Uganda’s energy minister Ruth Nankabirwa reaffirmed the East African country’s commitment to maximise its oil and gas reserves sustainably amid concerns that its current projects will fall victim to overexploitation.
Uganda discovered oil deposits close to two decades ago, sparking hope that the nation could accelerate its development and gain revenue. However commercial oil production is yet to start due to delays caused by inadequate infrastructure.
Two major projects in the pipeline, the Kingfisher and Tilenga oil fields, are expected to produce tens of thousands of barrels of oil per day at their peaks.

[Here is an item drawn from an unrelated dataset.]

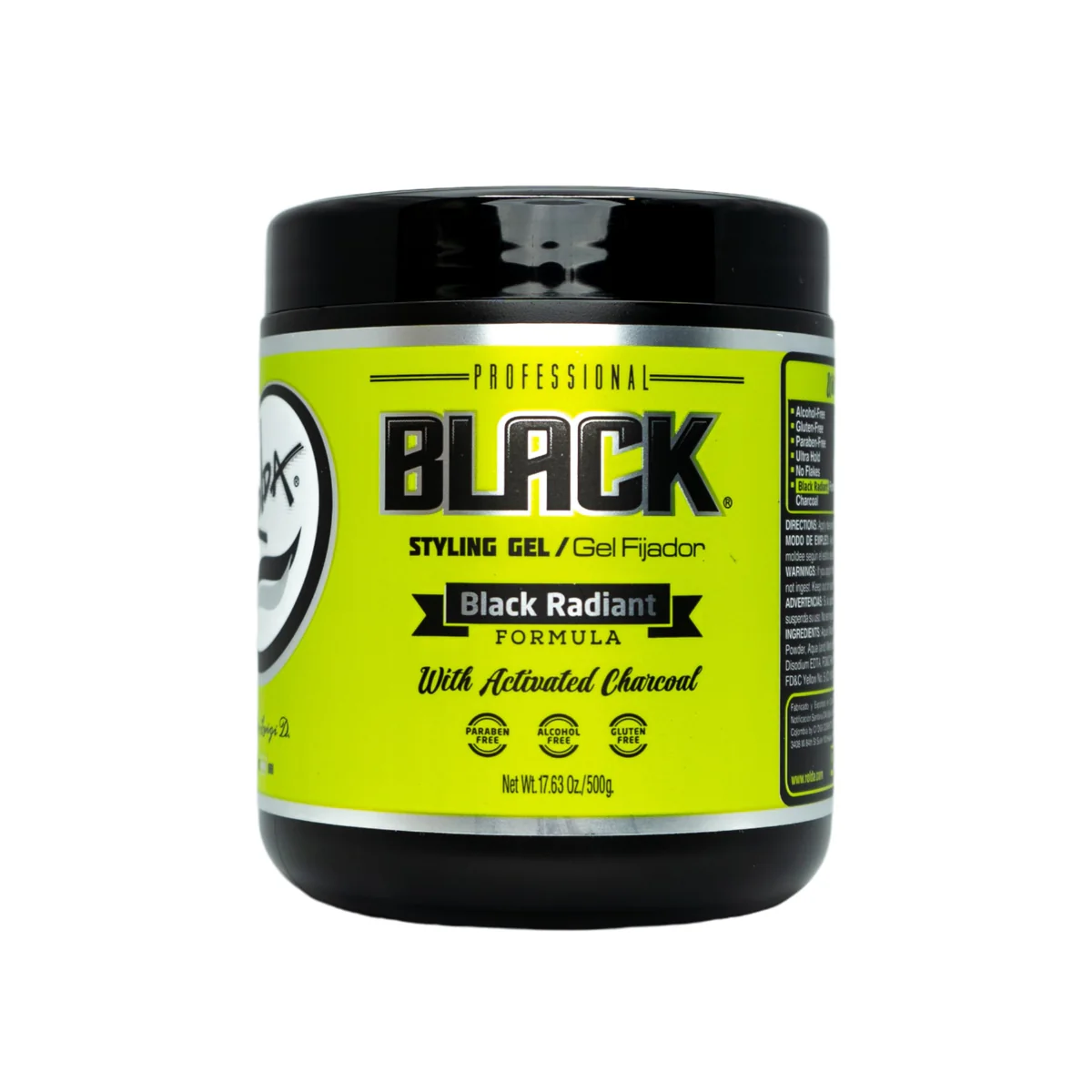 Rolda Hair Gel Black 17.6oz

The country also has the East African Crude Oil Pipeline Project that will transport oil produced from Uganda’s Lake Albert oilfields to the port of Tanga in Tanzania where the oil will then be sold to global markets.
But as Uganda plots on how to maximise its reserves, global leaders seek to reduce the use of fossil fuels. The issue places Uganda in a dilemma between economic development and fossil fuel phase-out.
Nankabirwa insisted that Uganda will continue with its oil and gas projects and tried to ease fears that it is abandoning the more global agenda on sustainable production and promoting clean energy.
“At COP28, Uganda showcased its Energy Transition Plan, aligning with global efforts. Despite the transition discussions, Uganda’s oil and gas boom is set for 2025, providing invaluable national assets for economic growth,” Nankabirwa said during an address on the progress of Uganda’s oil and gas sector on Tuesday.
“Uganda remains committed to sustainable oil and gas development, contributing to poverty eradication and national prosperity.”
Nankabirwa added that Uganda’s projects align with global cleaner energy campaigns. She also noted that technological innovations will minimise the carbon footprints and make such projects ‘low emission.’
According to Nankabirwa, Uganda’s oil and gas sector held transformative potential for the nation’s wealth and livelihood, creating more than 12,000 jobs since 2006.
She also reassured the public that the Ugandan government prioritises sustainability and environmental responsibility. Rights activists and environmental groups have previously raised concerns about the Lake Albert oil project posing a threat to the area’s ecosystem as well as the livelihoods of the residents.